*EXERCISE AIM*
Find "PU Rubber Yoga Mat with alignment line" in the entries below; copy that line through the last, exactly, with no pictures.

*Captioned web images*
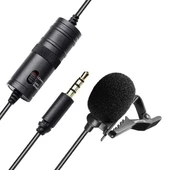 Haiki HK-401 Profesyonel Youtuber Kamera Telefon Yaka Mikrofonu (6 Metre Kablolu) - 1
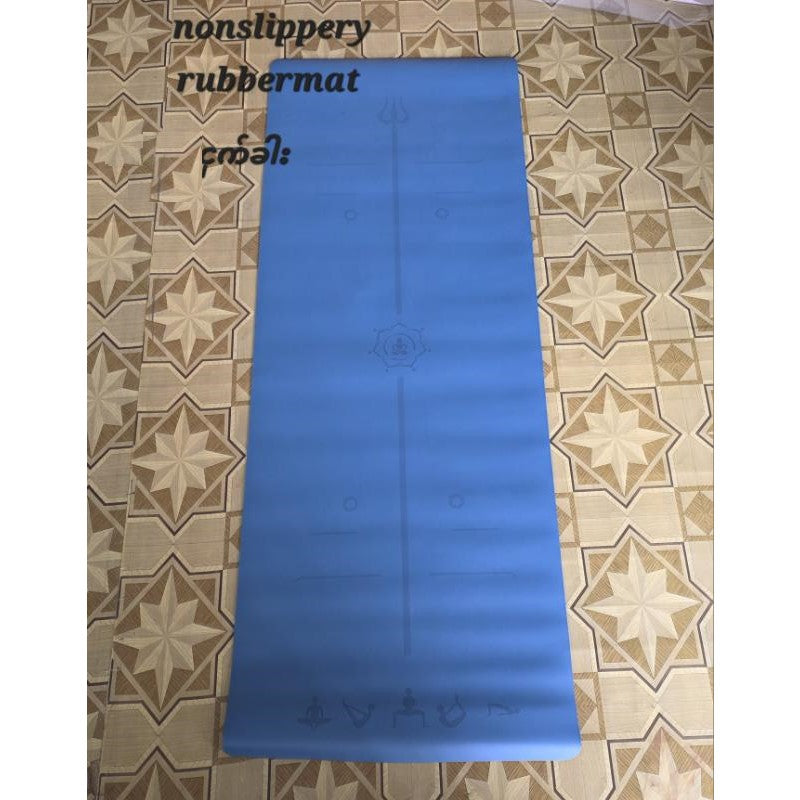PU Rubber Yoga Mat with alignment line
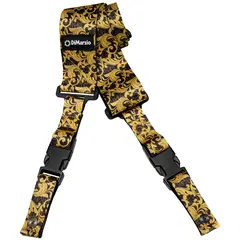 Dimarzio DD2250 2 ClipLock Strap Nylon Steve Vai UtoPIA - Black/Gold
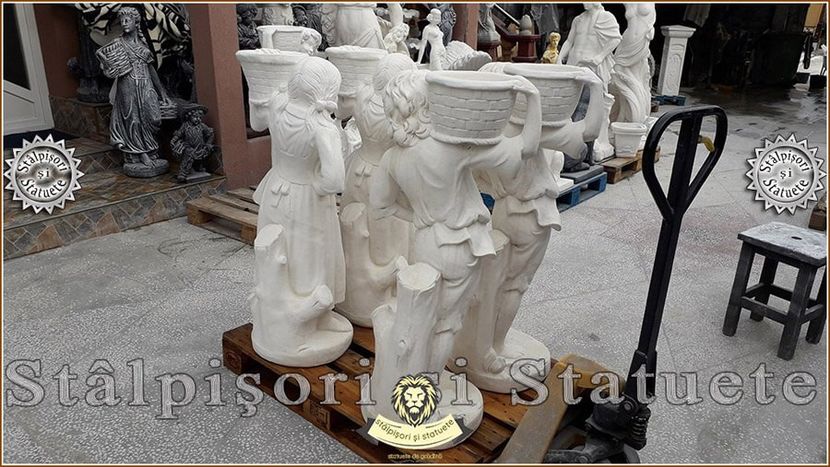 Image00743 - Decoratiuni de grădină din ciment alb și dioxid de titan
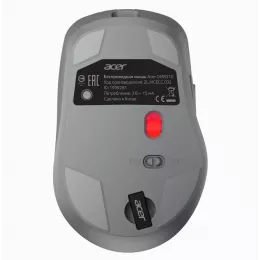 Мышь Acer OMR310 темно-серый оптическая 1600dpi беспров. BT/Radio USB 7but (ZL.MCECC.032)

*RESULT OF THIS TASK*
PU Rubber Yoga Mat with alignment line
 Dimarzio DD2250 2 ClipLock Strap Nylon Steve Vai UtoPIA - Black/Gold
 Image00743 - Decoratiuni de grădină din ciment alb și dioxid de titan
 Мышь Acer OMR310 темно-серый оптическая 1600dpi беспров. BT/Radio USB 7but (ZL.MCECC.032)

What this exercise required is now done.